Text Normalization

In the text normalization shared task we want to address the problem related to chat-speak style of communication. Recently, some research has been carried out in this area for SMS communications and from the perspective of machine translation approaches. In this shared task we attempt to generalize the problem to Web 2.0 contents and to explore additional alternatives the participants can come out with.

Motivation:

the web 2.0 has transferred the authorship of the contents from the institutions to the people; the web is not only the place to publish institutional information as it was, is a chanel where users exchange, explain or write  about their lives and interests, give opinions and rate other's opinions, upload media and photos and files, most of the times in a very casual way. The users, specially the young ones, use their web sites as they use the short text messages or chats, without minding the spelling or deliberately shortening the words and using contextual slang.
During years there has been a big effort to produce natural language processing tools that try to understand well written sentences, but these tools can not be applied out of the box to analyse the contents of the web 2.0, not even syntactic tools like stemming can bring to common stems words that have been shortened (like Xmas or Christmas). Another task has been devoted to reduce a family of words to a single concept in order to improve the similarity between a document and a query or other documents; from words to stems then lemmas and finally concepts giving a reduction in the number of dimensions of the vectors that represent documents.
In order to retrieval or mine the data in the web 2.0 first we need to understand the contents on it. The misspelled words increase the variability for the same concept. There is a need to correct and expand the text in order to apply the algorithms for correct text or, adapt these techniques to deal with the texts found in the web 2.0

Objectives:

The objective in this track is to correct the texts present in the web 2.0, in order to produce sentences that are at least syntactically correct, and that could be suitable for further treatment for existing tools or information retrieval.

Description:

For this track there is a corpus obtained from different sites belonging to the Web 2.0. The objective was to crawl sites where users behave in different ways: Twitter, chats, ratings of products, news and comments on theses news and forums. There is no parallel corpus of misspelled/corrected text for this track. What is given is a train set of some hundred thousands sentences, with a high proportion of misspelled words, produced from different users in different contexts.This training dataset is described and can be downloaded from this link.
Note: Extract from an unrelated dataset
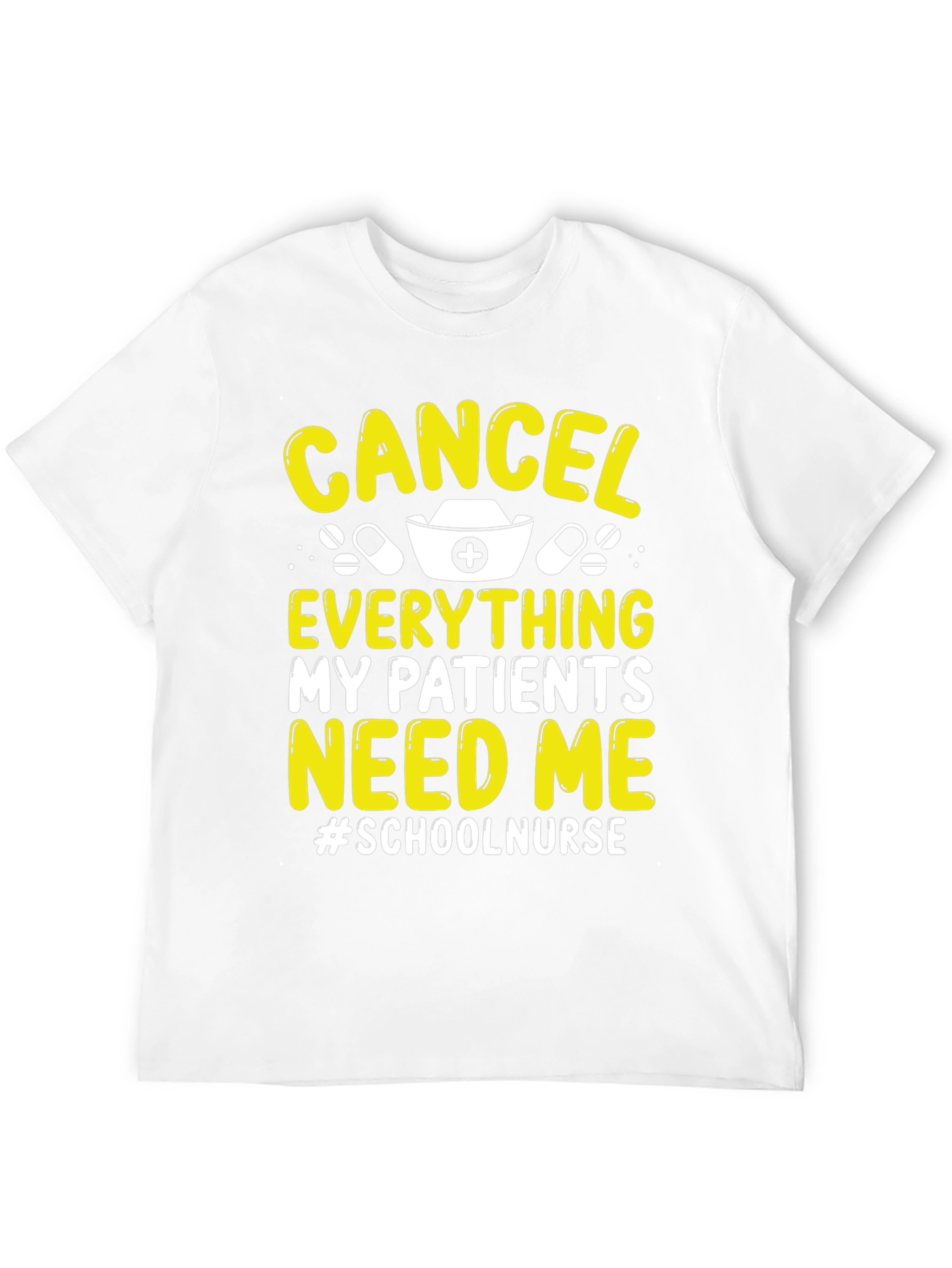 School Nurse T-Shirt: Cancel Everything Im Needed!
The evaluation dataset will be composed by similar sentences from similar sites.
We encourage the participants to share generated information as dictionaries, to publish a parallel corpus if they annotate some of the sentences, so other users can use it. This can be done before (better) or after the evaluation, as one of the objectives in this workshop is to start producing a reference corpus for these tasks.

Evaluation:

The evaluation of this track will be conducted over a test dataset specifically prepared for this track. System outputs should provide one equivalent well written sentence to each of the test sentences.
The evaluation will be performed in two steps. The first one, using spell checkers, and the second one, the participating teams will be asked to rank the answers given by the different systems for a small set of sentences.